I bought a 2009 Holden Astra last Friday. It’s by far the most reckless thing I’ve done this year apart from hitting a Volvo in mum’s car a few weeks ago. She told me she was just glad that I was alive, but her eyes went kind of foggy like she was imagining driving in to visit me in ICU in an undented Forester.
Ok, so let me put this in context. I’ve upgraded from a beat up ’95 Barina that I have died in every summer because it has no air conditioning and no power steering which means I can only do seven point turns that make me even sweatier. The sad thing is that heap of junk was a massive upgrade from my ’84 Corolla where I literally almost died.
I was driving it on a 40+ day with no air-con, and I couldn’t even open my windows because they’d been stuck into place by my brother (not a mechanic) using Gladwrap and Superglue. If I rolled them down I wouldn’t be able to get them back up again, so I would just drive, get to a red light and swing the door open and shut to try and generate some air flow. It was a low point – the window washer boys didn’t even bother asking me for money.
I distinctly remember, though, driving down Morrison Road and suddenly going – I’m the frog in the pot. I’m the frog in the frigging pot – GET ME OUT!!!
I screeched off to the side and just sat on the bonnet for a while, and when people looked like they might stop to help I motioned them on because I didn’t want to explain to them that my car was being held together with the stuff you use to wrap sandwiches.
That car didn’t know how to say when, until two years later when I forgot to top up the oil and it said when quite loudly. It just kind of just self imploded, shuddered a few times and gurgled what sounded like ‘it’s been a pleasure’ before it flat-lined.
The worst part of the whole ordeal – worse than blowing up my car – was taking it to Pete, our mechanic, to see if anything could be done. Pete doesn’t realise that a car is an inanimate object which means he gets personally offended when you damage yours. I was like, brother that thing’s done over 400 000 kms – think of it as a mercy killing. I was not going to apologise to him because I was the one whose car had blown up, but I went along with everything he said even when he used the word ‘reckless.’ I just kept on saying yes, no, reckless, negligent, sinful, homicidal etc until his temperature gauge came down.

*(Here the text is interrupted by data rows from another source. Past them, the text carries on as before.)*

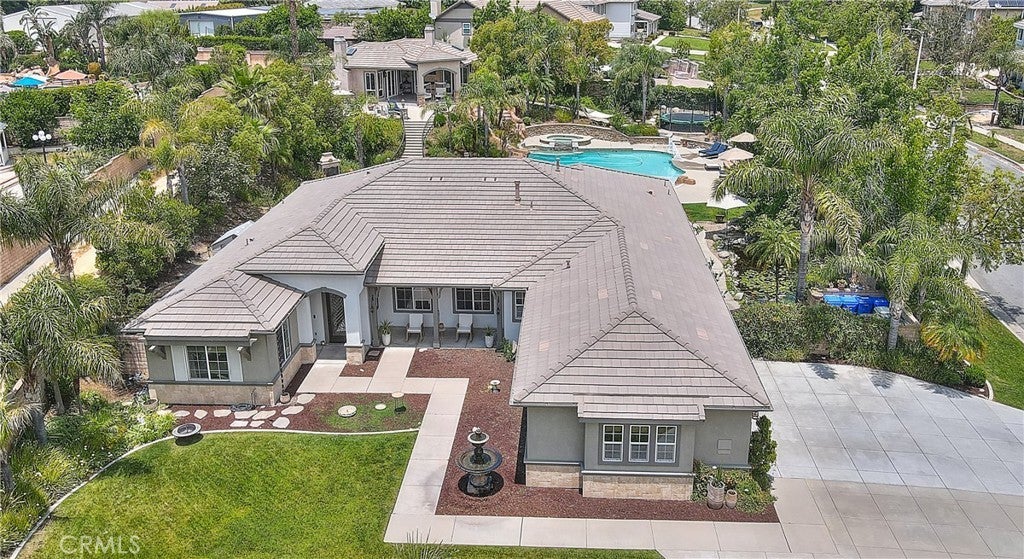 Photo of Listing #CV25149124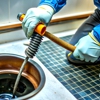 Northwest Plumbing gallery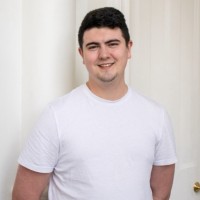 Adam Lemm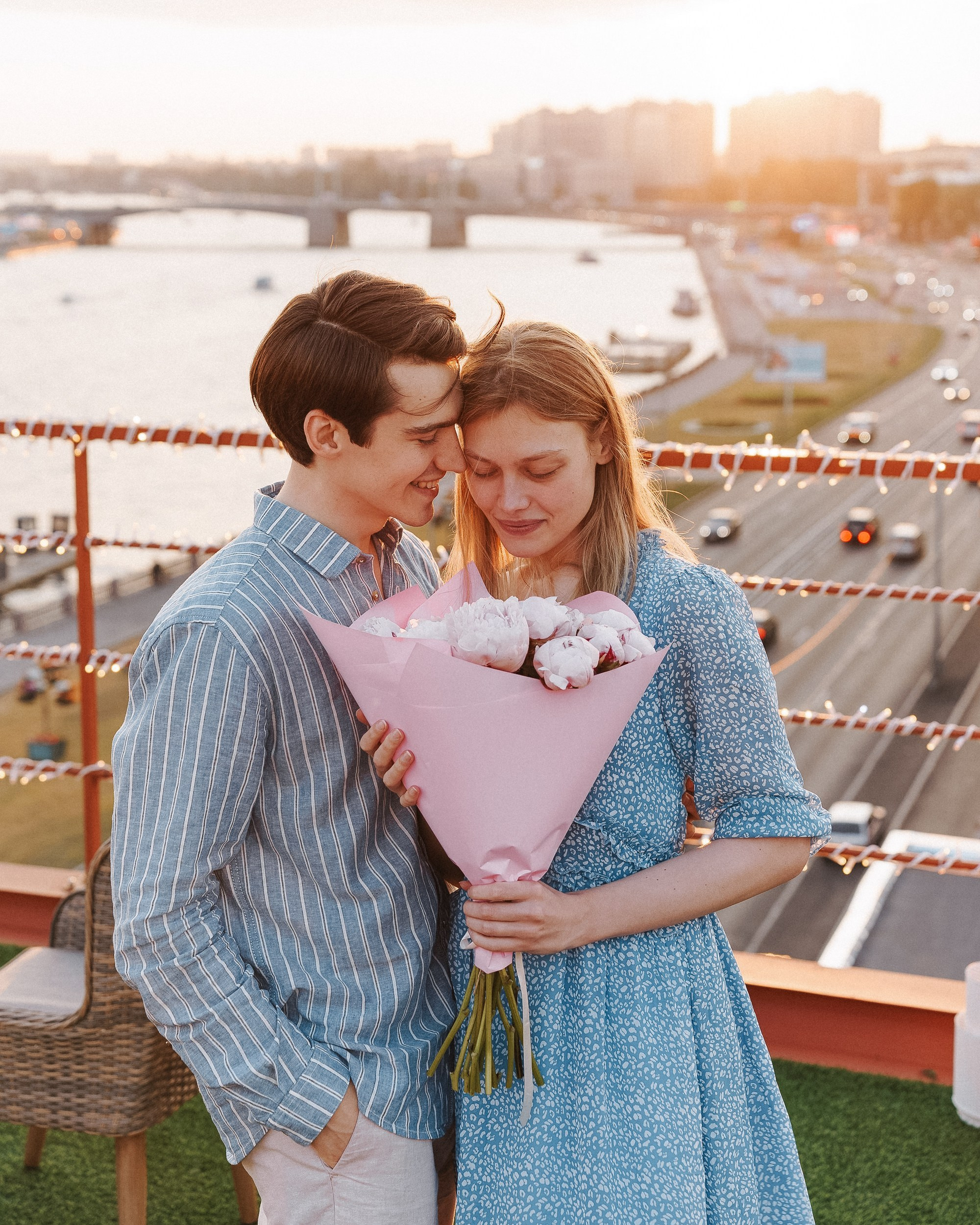 Wedding | Love story. Фотограф, видеограф / alx.likhomanov / санкт-петербург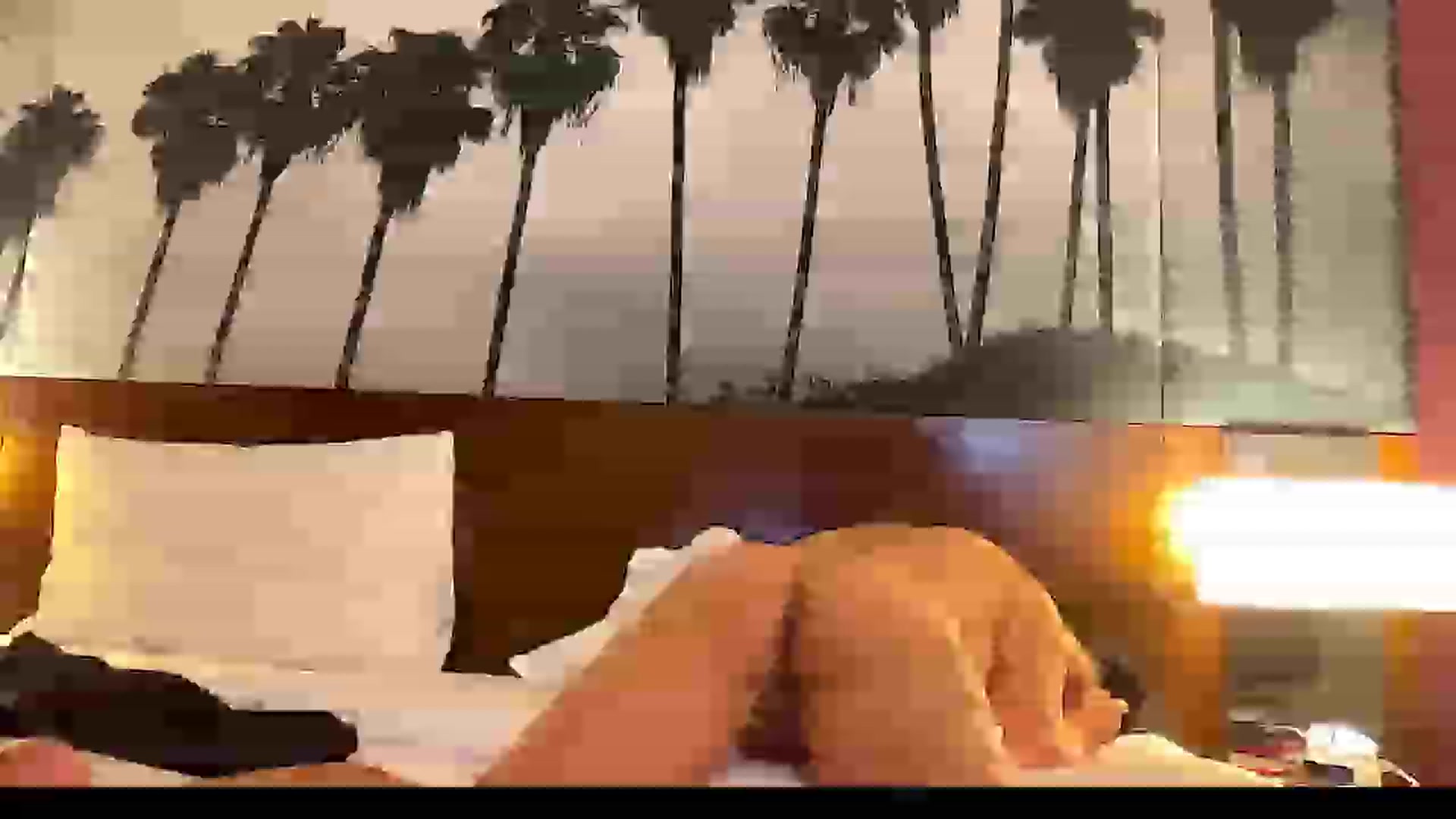 Gallery image thumbnail from Jade_Lee's myfreecams stream on, 10/19/2023, 04:54 image 16 of 20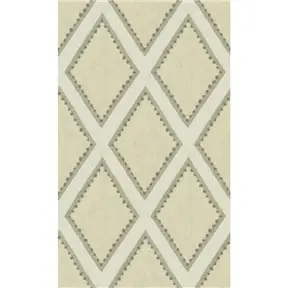 Kravet BROOKHAVEN 11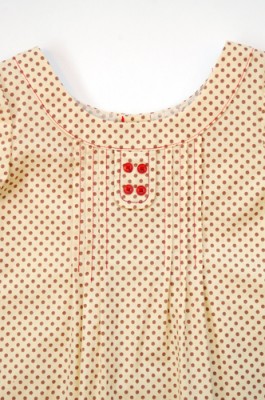 Family Reunion Dress Family Reunion Dress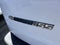 2019 Chevrolet Express Cargo 3500 3500 Regular Wheelbase Rear-Wheel Drive
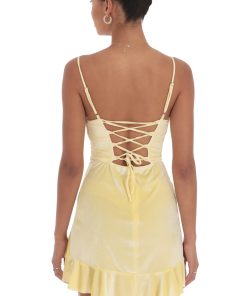 Judydaniel.shop68719FPOZ 2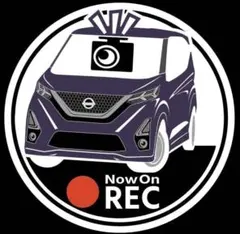 Item thumbnail for item 16707c21-7867-4a51-83e2-b72f0bad78ba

But my car!! I don’t belong in it – it’s way too nice. When I got it home I opened a bottle of white wine (there was no champagne) and poured some over it which made no sense at all but felt quite celebratory. I quickly washed it off cos my car smelt like a big bottle of Evans & Tate. I was hoping that my Yemen-bound sister would join me as a break from packing her bags but she wasn’t interested in my first world concerns so it ended up being just me pouring wine on a car. It looked some kind of weird pagan baptism, so I took it back in and did what people in Maida Vale do with wine early afternoon. No shame in that – bottle was already open.